JAKE TAPPER (HOST): Once again, journalists are in the unhappy predicament of trying to decide whether and how to cover false allegations raised by a candidate for the president of the United States. This time, in the midst of Donald Trump's attacks against the Clintons using various scandals and accusations from 1990s, Mr. Trump has repeated an outrageous and long-ago debunked falsehood about former Deputy White House Counsel Vince Foster a friend, of Bill and Hillary Clinton's until his tragic suicide. In July 1993, Foster, who suffered from depression, drove to Fort Marcy Park in Virginia, walked into the park with an old revolver, and shot himself in the mouth. The park service police concluded that year that Foster committed suicide. But that did not stop conspiracy theorists at time from concocting unfounded allegations.

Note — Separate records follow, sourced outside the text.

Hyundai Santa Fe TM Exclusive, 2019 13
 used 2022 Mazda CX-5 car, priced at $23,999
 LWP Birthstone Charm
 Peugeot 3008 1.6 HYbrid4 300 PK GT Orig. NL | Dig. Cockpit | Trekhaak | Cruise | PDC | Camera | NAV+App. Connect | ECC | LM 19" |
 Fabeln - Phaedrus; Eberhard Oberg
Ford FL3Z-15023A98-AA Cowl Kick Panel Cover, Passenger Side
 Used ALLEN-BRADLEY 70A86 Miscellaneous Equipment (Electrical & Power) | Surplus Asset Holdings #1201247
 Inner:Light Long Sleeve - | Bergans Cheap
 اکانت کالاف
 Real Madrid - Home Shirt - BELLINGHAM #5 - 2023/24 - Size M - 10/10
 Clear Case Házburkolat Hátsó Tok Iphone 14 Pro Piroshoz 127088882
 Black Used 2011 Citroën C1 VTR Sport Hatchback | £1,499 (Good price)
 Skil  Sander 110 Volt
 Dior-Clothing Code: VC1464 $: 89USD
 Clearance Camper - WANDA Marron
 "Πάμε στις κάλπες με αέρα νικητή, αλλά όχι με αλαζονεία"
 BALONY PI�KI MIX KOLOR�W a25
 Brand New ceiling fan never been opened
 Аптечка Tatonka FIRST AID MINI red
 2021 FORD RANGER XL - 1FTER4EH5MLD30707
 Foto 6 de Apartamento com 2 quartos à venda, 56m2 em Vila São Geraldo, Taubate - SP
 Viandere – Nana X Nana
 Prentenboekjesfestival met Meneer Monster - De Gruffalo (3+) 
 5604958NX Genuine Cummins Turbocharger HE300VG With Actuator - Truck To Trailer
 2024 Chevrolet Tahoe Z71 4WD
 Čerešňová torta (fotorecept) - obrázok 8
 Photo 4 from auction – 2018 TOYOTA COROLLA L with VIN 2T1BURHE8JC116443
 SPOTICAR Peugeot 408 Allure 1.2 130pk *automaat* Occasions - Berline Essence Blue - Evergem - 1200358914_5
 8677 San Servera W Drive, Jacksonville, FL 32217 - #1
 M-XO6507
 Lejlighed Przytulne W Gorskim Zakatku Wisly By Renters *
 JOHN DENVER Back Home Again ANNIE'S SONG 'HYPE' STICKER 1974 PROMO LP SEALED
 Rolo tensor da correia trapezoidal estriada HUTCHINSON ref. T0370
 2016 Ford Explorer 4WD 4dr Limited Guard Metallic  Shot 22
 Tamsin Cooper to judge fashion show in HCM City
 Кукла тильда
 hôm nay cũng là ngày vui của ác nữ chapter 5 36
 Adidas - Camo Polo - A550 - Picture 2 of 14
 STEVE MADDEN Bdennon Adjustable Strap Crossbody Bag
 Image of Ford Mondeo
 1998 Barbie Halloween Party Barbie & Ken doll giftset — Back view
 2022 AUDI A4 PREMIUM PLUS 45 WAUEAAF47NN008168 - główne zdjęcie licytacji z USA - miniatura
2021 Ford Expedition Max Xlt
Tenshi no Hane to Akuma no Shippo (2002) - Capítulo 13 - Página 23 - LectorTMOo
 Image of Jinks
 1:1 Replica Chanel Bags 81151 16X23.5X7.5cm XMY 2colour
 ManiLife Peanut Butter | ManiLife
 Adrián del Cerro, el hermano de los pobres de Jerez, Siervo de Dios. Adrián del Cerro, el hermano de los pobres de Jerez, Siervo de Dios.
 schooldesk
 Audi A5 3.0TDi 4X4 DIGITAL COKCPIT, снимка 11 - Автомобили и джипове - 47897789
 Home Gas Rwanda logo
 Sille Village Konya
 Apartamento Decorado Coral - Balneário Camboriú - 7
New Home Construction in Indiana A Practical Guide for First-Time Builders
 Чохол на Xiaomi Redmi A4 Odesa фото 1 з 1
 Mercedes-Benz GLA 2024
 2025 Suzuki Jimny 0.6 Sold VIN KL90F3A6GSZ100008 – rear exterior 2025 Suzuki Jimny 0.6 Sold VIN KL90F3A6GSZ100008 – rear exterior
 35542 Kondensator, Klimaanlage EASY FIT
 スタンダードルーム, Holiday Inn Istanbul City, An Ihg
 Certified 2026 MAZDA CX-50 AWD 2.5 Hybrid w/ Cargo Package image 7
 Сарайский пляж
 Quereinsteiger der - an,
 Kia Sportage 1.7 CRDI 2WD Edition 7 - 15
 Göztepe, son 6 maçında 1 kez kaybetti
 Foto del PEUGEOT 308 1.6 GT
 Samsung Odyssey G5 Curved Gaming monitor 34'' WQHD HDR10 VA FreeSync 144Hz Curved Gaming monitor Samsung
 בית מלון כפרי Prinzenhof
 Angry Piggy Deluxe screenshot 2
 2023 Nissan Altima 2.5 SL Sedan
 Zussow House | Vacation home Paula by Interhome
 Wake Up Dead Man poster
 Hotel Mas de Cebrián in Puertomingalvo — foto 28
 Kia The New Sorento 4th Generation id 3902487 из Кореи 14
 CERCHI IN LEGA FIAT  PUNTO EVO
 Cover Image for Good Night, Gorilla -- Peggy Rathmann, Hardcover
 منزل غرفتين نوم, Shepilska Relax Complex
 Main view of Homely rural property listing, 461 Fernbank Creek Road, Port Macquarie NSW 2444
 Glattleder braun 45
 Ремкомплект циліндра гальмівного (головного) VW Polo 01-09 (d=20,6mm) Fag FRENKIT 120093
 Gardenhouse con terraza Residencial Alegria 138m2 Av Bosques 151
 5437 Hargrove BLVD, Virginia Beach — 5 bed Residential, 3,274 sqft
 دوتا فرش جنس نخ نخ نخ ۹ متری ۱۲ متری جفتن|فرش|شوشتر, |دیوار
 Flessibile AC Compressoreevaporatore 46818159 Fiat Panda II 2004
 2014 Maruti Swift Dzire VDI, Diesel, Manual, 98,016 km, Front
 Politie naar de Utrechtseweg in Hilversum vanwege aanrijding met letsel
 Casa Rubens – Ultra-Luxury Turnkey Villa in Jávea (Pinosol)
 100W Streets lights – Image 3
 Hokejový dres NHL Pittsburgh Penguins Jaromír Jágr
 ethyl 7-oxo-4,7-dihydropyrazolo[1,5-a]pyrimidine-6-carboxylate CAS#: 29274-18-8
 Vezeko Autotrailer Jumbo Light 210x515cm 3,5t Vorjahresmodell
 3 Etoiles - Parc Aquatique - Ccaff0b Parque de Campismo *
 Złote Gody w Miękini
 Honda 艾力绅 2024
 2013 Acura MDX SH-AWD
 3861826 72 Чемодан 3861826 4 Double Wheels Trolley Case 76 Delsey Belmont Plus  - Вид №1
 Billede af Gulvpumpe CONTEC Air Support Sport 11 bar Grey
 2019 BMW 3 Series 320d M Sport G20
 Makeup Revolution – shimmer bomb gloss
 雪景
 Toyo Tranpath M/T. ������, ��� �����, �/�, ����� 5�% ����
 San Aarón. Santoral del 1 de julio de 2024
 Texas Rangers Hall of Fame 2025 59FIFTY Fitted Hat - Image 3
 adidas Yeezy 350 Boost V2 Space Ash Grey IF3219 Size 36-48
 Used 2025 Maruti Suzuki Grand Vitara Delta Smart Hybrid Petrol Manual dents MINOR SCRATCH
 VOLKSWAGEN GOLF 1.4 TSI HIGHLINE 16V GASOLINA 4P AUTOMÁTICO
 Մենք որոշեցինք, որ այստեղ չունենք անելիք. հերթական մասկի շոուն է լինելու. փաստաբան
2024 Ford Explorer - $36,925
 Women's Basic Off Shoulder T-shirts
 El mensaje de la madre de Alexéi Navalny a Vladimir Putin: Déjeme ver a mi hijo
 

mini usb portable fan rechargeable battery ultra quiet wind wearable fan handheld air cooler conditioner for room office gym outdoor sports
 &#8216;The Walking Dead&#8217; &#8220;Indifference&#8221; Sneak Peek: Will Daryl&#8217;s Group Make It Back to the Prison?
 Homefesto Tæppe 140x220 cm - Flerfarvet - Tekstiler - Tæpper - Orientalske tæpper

Now that first investigation was followed by an investigation by CNN in 1994 concluding, Foster's death was due to suicide and that alternative scenarios had no credibility. Other investigations reached the same conclusion, one by independent counsel in Robert Fiske in 1994, two by Congressional reviews in 1994 and 1995, another by independent counsel Ken Starr in 1997.
So, one would think case closed, right? Wrong. Donald Trump, in an interview appearing in today's Washington Post called the circumstances surrounding Vince Foster's death “very fishy,” and said, “I don't bring foster's death up because I don't know enough to really discuss it. I will say there are people who continue to bring it up because they think it was absolutely a murder. I don't do that because I don't think it's fair.” Right, except, of course, you just did that, Mr. Trump. You lent credence to a bizarre and unfounded conspiracy theory. Though, you're right, it's not fair that you did that, certainly not to Mr. Foster's widow or their three children. To be clear, the notion that this was a murder is a fiction borne of delusion and untethered to reality and contradicted by evidence reviewed in at least six investigations, one of them by Ken Starr, hardly a Bill Clinton defender. To say otherwise is ridiculous and, frankly, shameful. Again, this is not a pro-Clinton position or an anti-Trump position. It is a pro-truth position.